Sino-Zim to start  tile, brick-making

sino-zimGolden Sibanda Senior Business Reporter
Cement manufacturer Sino-Zimbabwe will start producing tiles and bricks within the next 12 months, as part of the firm’s $20 million diversification project.

Joint venture partner, Industrial Development Corporation, said site preparations for the project are underway following a recent ground breaking event.

A further $50 million will be invested in the project, but this will depend on the rate of progress and success registered in the initial phase of the project.

IDC general manager Mr Mike Ndudzo said in an interview this week that once production starts, the firm will produce for both local and export markets.

He said the diversification will allow Sino-Zim to exploit synergies with other companies that fall under the State-owned enterprise expansive empire.

The firm is diversifying into brick and roof-tile making in a three-phase project. The first phase is expected to come on line in the first quarter of 2016.

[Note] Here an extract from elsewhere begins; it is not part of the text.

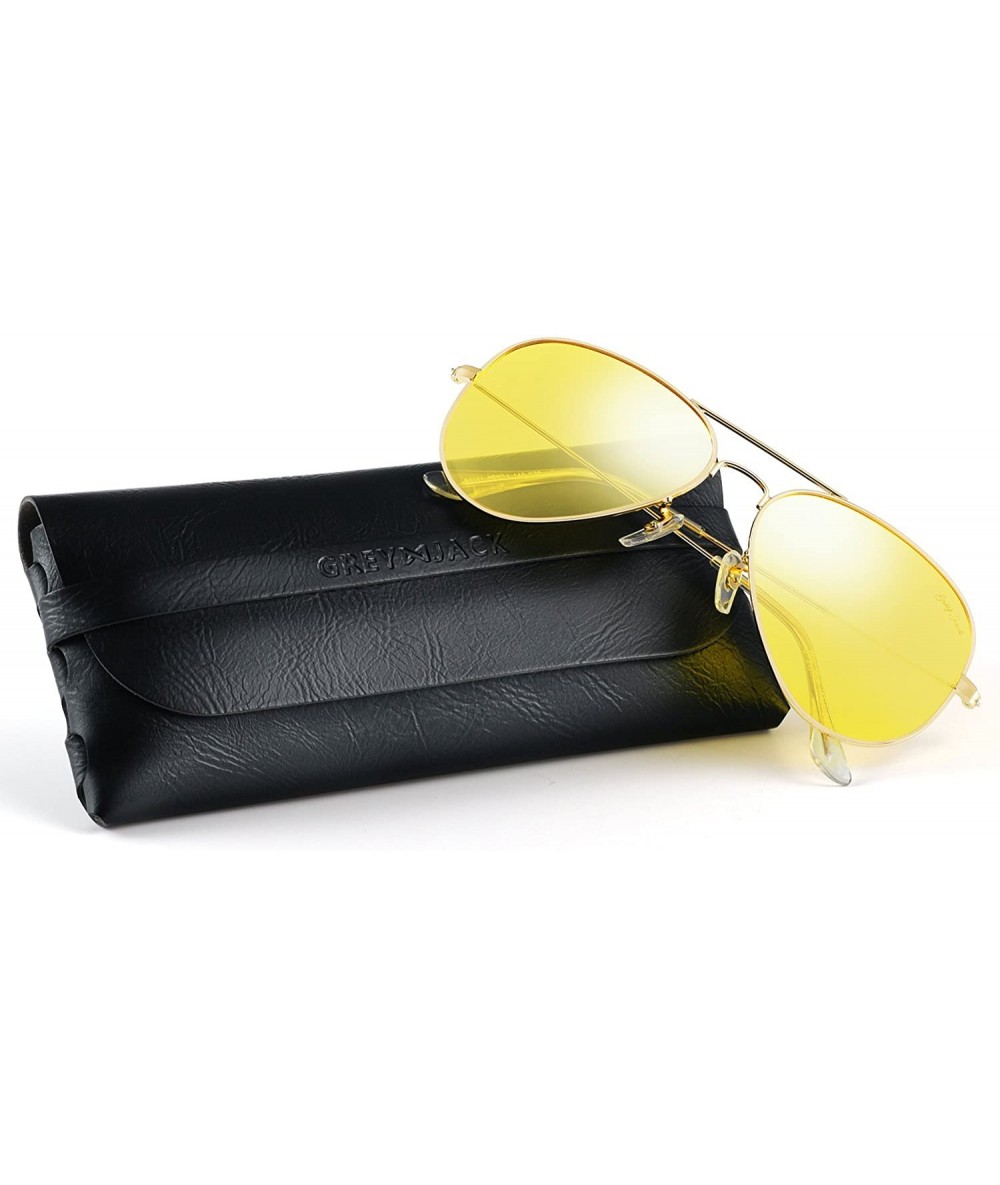 Wrap Anti-glare HD Night Driving Glasses Polarized Unisex Aviator Sunglasses - Gold Frame Yellow Lens - C6187YT7RW9 $15.45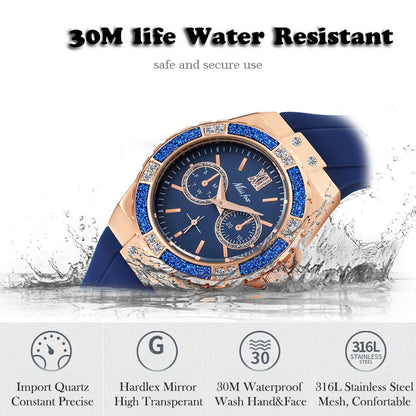 Herrklocka Chronograph Rostfritt Stål Gummiband-3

The first phase will entail construction of a brick-making plant with capacity of 60 million units annually. The project will create 200 jobs to add to the 400 it employs.

“The project will use raw material from other operations in the group. When we mine limestone (in Dorowa) overburden will be used as raw material,” he said.

“Effluent from one operation is actually raw material in another,” he added.

The $20 million investment comes after Sino-Zimbabwe invested $5 million towards upgrading of the plant at its Gweru-based cement manufacturing factory.

The refurbishment of the cement manufacturing operation enabled the company to increase its production capacity to 1 200 tonnes from 700t per day.

Managing director Mr Wang Yong said in a recent Press interview that the company is operating at 90 percent capacity and looking to ramp up production.

Sino-Zimbabwe Cement Company was borne out of a joint business venture between a Chinese foreign direct investment partner, China Building Material Industrial Corporation for Foreign Econo-Technical Co-operation (CBMC) and the Industrial Development Corporation of Zimbabwe Limited (IDC) .

CBMC contributed 65 percent of the $52 million capital at inception in 2002 in the form of modern technology and expertise. IDC provided land, civil works and an educated, skilled manpower, coupled with management’s intimate knowledge of the local conditions.

Mr Ndudzo said the Sino-Zimbabwe project was one of the most established joint ventures, successful and commercially run partnerships it has participated in.

The company is Zimbabwe’s third largest producer of cement after PPC Zimbabwe, which operates from Bulawayo and Lafarge Zimbabwe in Harare.